In this graph, we find that casual riders, while not taking quite as many rides, do in fact take much longer rides than members throughout each day of the week, with slight increases on the weekends. The average duration for members rides stays very consistent throughout the week.
Total_trip_2 %>%
mutate(month = format(as.Date(Total_trip_2$started_at), "%m")) %>%
group_by(member_casual, month) %>%
summarise(number_of_rides = n()
,average_duration = mean(ride_length)) %>%
arrange(member_casual, month) %>%
ggplot(aes(x = month, y = number_of_rides, fill = member_casual)) +
geom_col(position = "dodge")
## `summarise()` has grouped output by 'member_casual'. You can override using the
## `.groups` argument.
We observe from this graph that casual riders always has less number of rides than annual members in every months of the year.
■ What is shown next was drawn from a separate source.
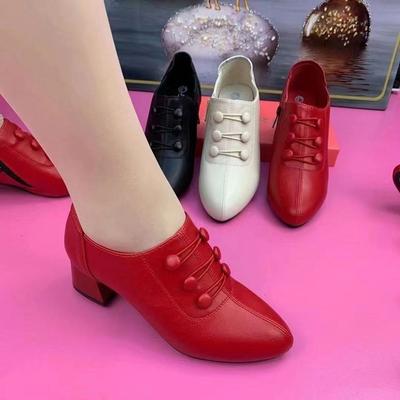 Универсальные туфли на толстом каблуке с мягкой подошвой женские осень 2025 новая мода женская обувь средний каблук кожаная обувь популярные танцевальные туфли женские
It is worth noting that both members and casual riders number of rides follows a bell curve, meaning that both parties are using bikes more in the warmer months, than the colder ones. Casual riders bike trips dips drastically between November and March.
Total_trip_2 %>%
group_by(member_casual, rideable_type) %>%
arrange(member_casual, rideable_type) %>%
ggplot(aes(x = rideable_type, fill = member_casual)) +
geom_bar(position = "dodge")
Based on this graph, both members and casual riders prefer to use the classic bike type as well electric bike type. It appear to be less important to focus on the type of bike the riders used.
Casual riders take less trips during the week day than annual members do. We believe this to be due to members taking more rides on the way to work, and on the way home from work.
We suggest increasing casual riders week day trips by advertising at work commute hours. (7:00-9:00 and 16:00-18:00)
We recommend advertising between May and September. These are the months with the highest frequencies of bike trips.
Casual riders and members both prefer the classic bike, since the use of electric bikes aren’t too far behind, advertiser should recommend both bike to both user types .
Note that the echo = FALSE parameter was added to the code chunk to prevent printing of the R code that generated the plot.